LOOOOOOOOOOOOOOOOOOLOLOL i looked at an old blog post and it basically skipped over combat damage while praising the game

it had one sentence explaining how ranks tick down, does not call attention to how fiddly this is

i can imagine referees liking this because 1) it's incredibly easy to stat out any baseline themed enemy "it's a rogue with good +2 sneak"

and they don't actually do any of the bookkeeping players have to do (7 fucking qualities ticking down just after chargen, more once your character goes up)

*8 qualities
you could probably make this a lot easier if you scaled it more to traveller (rank X = mod X) and then at 0 (or "unskilled") you apply whatever arbitrary penalty level (jaws uses -2 for poor)
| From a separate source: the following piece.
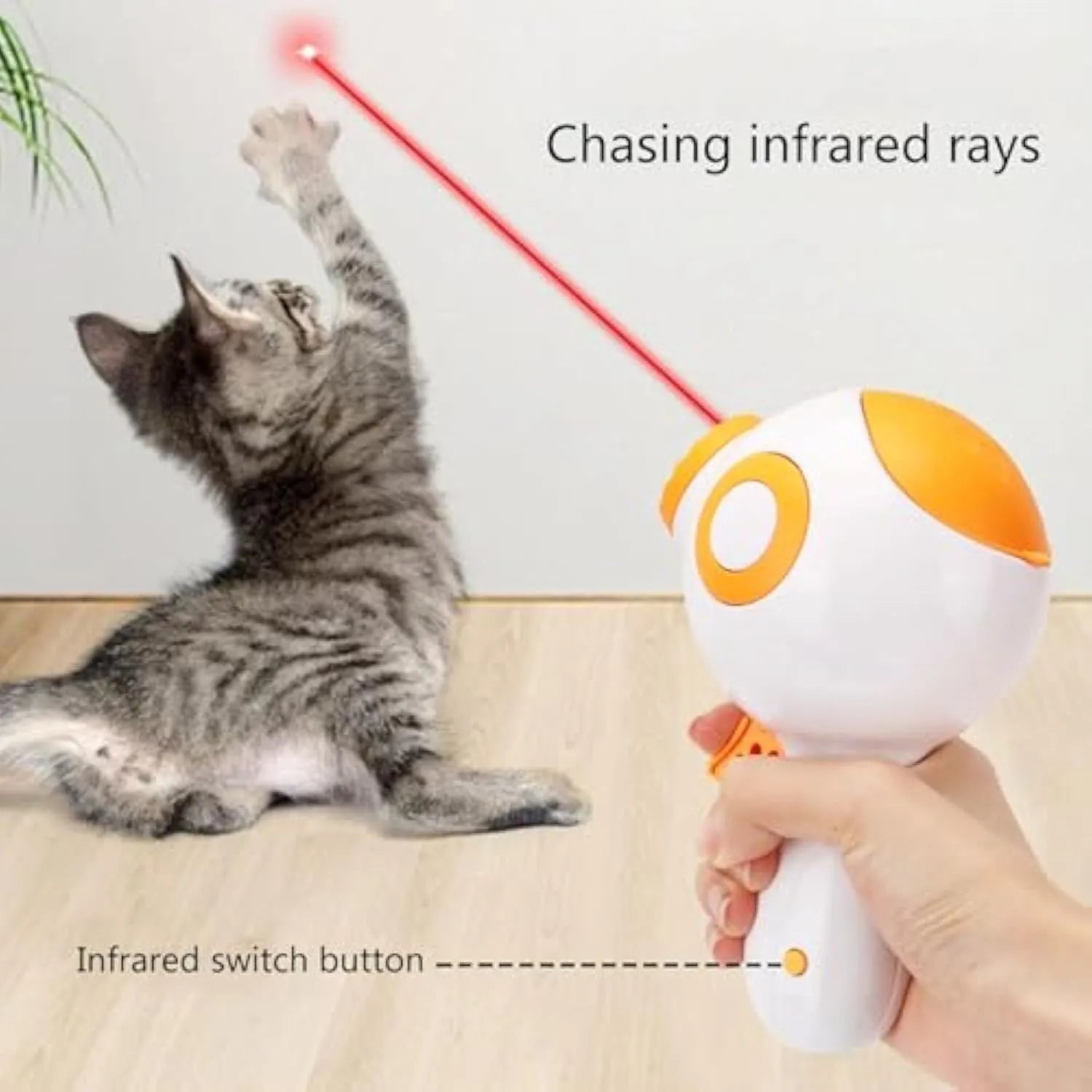 Green, orange or pink plastic dog treat launcher toy for interactive feeding and training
this shifts your success curve dramatically, though, because if average is rank 1 then master is rank 4 which is +4 versus their scaled +6

but maybe you want things to be harder in gameplay but not bookkeeping...

that said there's a fairly easy fix for that, too: lower your target numbers

job done

i haven't run their tn table math but i'm certain you can get this to work in Some Rough Range that doesn't feel bad

even streamlining the quality ranks in jaws of the six serpents the combat is tedious

i am not surprised people don't play this

i just wanna say that the way i sort of influence my pcs and use their stats similar to this in my homebrew is i just group attributes into physical and mental and have two different hitpoint pools, and then the pools can have their own modifiers that track with attribute style modifers

so you're tracking 4 to 6 numbers (usually just 2-3 for pure physical damage)

not... 21+

this is an absolutely wild number of numbers to track and this is coming from a guy who likes damage resistance on body parts, wound thresholds, tracking ammo per magazine, etc

you might think, oh but you only take a few damage points an attack so you're just moving a few numbers around

sure. until you get slapped with larger damage numbers

oh and also this is a sword and sorcery rpg so you're refilling these numbers after short periods, then tracking them getting knocked down again the very next fight

people always think it's so sexy to have "realistic" simulationist stuff like this until they have to track hit location hp and degrading armor

i've just never before seen it used for what is ostensibly supposed to be a streamlined s&s game that pretends this is very straightforward

i'm never gonna say mutefroot tho

"Why BRP didn't became as popular as GURPS?"

*squints*

video got boosted into my eyes about how to write rpg adventures, and the topic was mostly centered around ease of ref use/reducing prep

the guy wants adventures you buy, pre-writtens, to be able to be skimmed in like 30 minutes and then immediately run at the table, no hiccups

notably he hates prep and his contention is that this is at least one metric of what makes a pre-written "good"

i disagree with this on a general level. this is only going to be possible with a narrow band of scenarios

and in fact he touches on this because while after saying this, he goes on to say that he likes/wants little ref asides like "we tried this at the table, in playtesting we found XYZ"

well yeah and that's not stuff you're gonna be able to pick up in most pre-writtens in just a 30 minute flip through

this is look-ahead stuff. stuff you need to... know ahead of time to run the stuff that comes before, properly. or at least, according to how the pre-written was structured

it's perfectly acceptable if your pre-written is just a constant forward moving, never backtracing, branching choose your own adventure structure

any kind of looping, clues based, hidden information, etc busts this apart instantly depending on what your players do

there's another issue which is playstyle

it's way easier to write, and imo run, adventures that are more sandboxy/open-ended like the way he describes

cyberpunk in particular tends to do this well: "this is the job, haggle over support/reward, here's the situation and setup, you figure it out, get back, get backstabbed, try and get paid"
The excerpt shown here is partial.